Para o escriba, a desinformação representa um ataque directo à democracia, enfraquecendo o processo eleitoral e distorcendo o debate público. Ao manipular os factos e confundir os eleitores, as fake news destroem a confiança nas instituições democráticas e nos próprios candidatos.

“Não podemos construir uma democracia baseada na manipulação e na deturpação dos factos”, alerta Nhantumbo. “Infelizmente, estamos a ver que muitos actores eleitorais, ou pessoas ligadas a eles, estão a criar e a propagar desinformação, aproveitando-se das vantagens que ela pode trazer.”

Este fenómeno é particularmente preocupante quando os próprios candidatos e partidos políticos não se pronunciam contra a desinformação, especialmente quando esta os beneficia directamente. Nhantumbo sublinha que todos os actores devem estar comprometidos com a verdade e combater activamente a propagação de informações falsas.

O caminho a seguir: um combate colectivo à desinformação

Para combater a desinformação de forma eficaz, Nhantumbo e Simango apelam ao envolvimento de todos os sectores da sociedade, desde a sociedade civil, Governo, partidos políticos até os órgãos eleitorais. O combate à desinformação deve ser uma prioridade para garantir que os eleitores possam tomar decisões informadas e que a democracia moçambicana se fortaleça.

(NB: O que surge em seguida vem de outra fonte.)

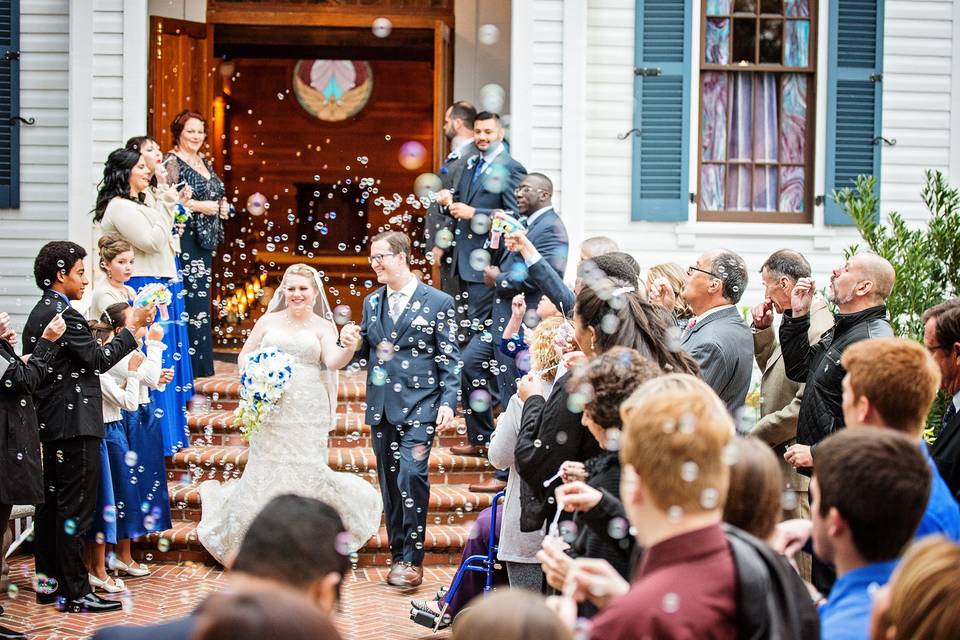 Bubbles! From their romantic Harry Potter themed wedding at Estate on the Halifax in Port Orange, Florida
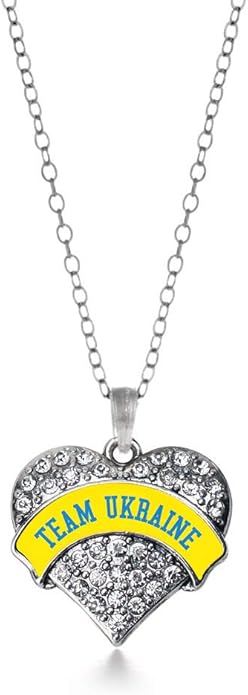 Inspired Silver - Silver Pave Heart Charm 18 Inch Necklace with Cubic Zirconia Jewelry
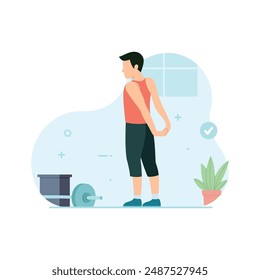 Man doing shoulder stretching in gym. Workout and exercise concept flat vector illustration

Nhantumbo também ressalta a importância de criar um ambiente de maior transparência e acesso à informação, para que os eleitores possam distinguir melhor as narrativas enganosas das informações corretas. Ele conclui sublinhando que a desinformação não pode ser combatida com esforços isolados, sendo necessária uma abordagem integrada e coordenada para enfrentar este desafio crescente.